Records shown section start

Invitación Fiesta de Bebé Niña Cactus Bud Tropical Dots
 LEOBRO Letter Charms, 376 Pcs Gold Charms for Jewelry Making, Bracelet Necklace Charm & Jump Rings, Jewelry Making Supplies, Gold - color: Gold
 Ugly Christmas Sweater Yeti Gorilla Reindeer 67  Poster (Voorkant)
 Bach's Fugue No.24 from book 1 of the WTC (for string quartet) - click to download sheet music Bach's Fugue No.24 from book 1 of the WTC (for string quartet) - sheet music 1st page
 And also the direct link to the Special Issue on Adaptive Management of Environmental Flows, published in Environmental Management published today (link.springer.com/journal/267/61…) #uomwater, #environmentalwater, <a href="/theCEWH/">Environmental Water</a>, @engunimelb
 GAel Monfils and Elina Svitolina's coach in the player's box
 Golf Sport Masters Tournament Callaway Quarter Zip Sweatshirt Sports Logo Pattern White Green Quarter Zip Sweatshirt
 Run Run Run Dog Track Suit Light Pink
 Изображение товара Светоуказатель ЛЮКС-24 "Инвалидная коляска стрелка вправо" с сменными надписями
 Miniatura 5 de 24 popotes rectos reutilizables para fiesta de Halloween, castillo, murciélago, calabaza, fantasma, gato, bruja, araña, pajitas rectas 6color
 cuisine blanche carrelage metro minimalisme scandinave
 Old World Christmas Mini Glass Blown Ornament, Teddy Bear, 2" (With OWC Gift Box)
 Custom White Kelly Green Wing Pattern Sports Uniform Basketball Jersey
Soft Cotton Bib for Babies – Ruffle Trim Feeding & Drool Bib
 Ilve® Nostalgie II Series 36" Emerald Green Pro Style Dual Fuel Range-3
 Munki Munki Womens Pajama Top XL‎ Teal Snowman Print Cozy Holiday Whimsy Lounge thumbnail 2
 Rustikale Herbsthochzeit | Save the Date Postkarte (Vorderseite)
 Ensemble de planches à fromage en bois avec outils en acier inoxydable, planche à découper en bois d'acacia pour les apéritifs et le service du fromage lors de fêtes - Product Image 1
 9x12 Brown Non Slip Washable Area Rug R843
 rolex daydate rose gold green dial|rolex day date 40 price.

Records shown section end

Action item
Look back at the entries above and repeat, unchanged, every line from the line holding "Miniatura 5 de" through the line holding "Rustikale Herbsthochzeit |".

Response
 Miniatura 5 de 24 popotes rectos reutilizables para fiesta de Halloween, castillo, murciélago, calabaza, fantasma, gato, bruja, araña, pajitas rectas 6color
 cuisine blanche carrelage metro minimalisme scandinave
 Old World Christmas Mini Glass Blown Ornament, Teddy Bear, 2" (With OWC Gift Box)
 Custom White Kelly Green Wing Pattern Sports Uniform Basketball Jersey
Soft Cotton Bib for Babies – Ruffle Trim Feeding & Drool Bib
 Ilve® Nostalgie II Series 36" Emerald Green Pro Style Dual Fuel Range-3
 Munki Munki Womens Pajama Top XL‎ Teal Snowman Print Cozy Holiday Whimsy Lounge thumbnail 2
 Rustikale Herbsthochzeit | Save the Date Postkarte (Vorderseite)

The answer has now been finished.